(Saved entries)
>>>>>
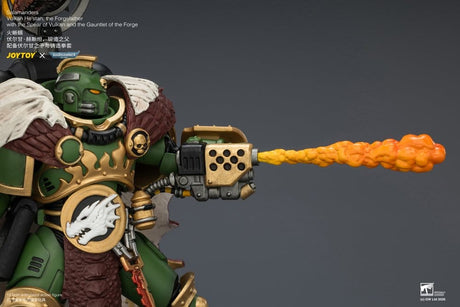 Warhammer Action Figure Salamanders Vulkan He'stan, the Forgefather 13 cm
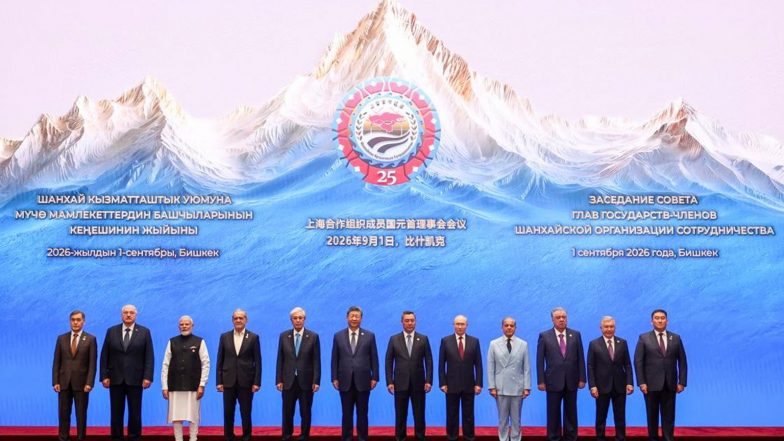 World News | SCO Condemns Strikes on Iran, Backs Palestine Settlement, Opposes Unilateral Sanctions: Key Takeaways
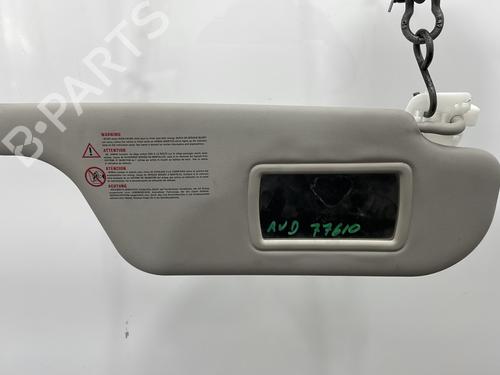 Used Right sun visor RENAULT CLIO III (BR0/1, CR0/1) 1.5 dCi (C/BR0G, C/BR1G) (68 hp) 29437975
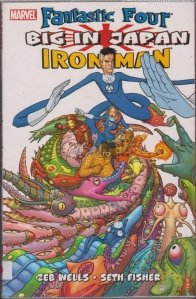 Fantastic Four Iron Man Big In Japan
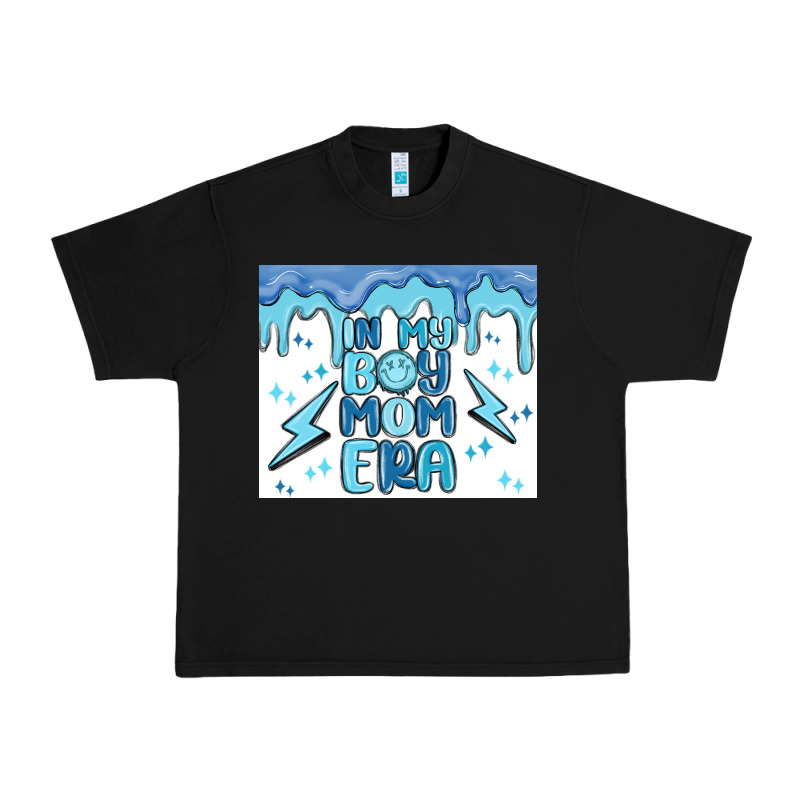 In My Boy Mom Era Urban Heavy Tee by MaliasSmallBusiness | Teevron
<<<<<
Pictures excluded, output exactly the line that contains "Fantastic Four Iron Man Big In Japan" and every line after it to the end of the data above.

 Fantastic Four Iron Man Big In Japan
 In My Boy Mom Era Urban Heavy Tee by MaliasSmallBusiness | Teevron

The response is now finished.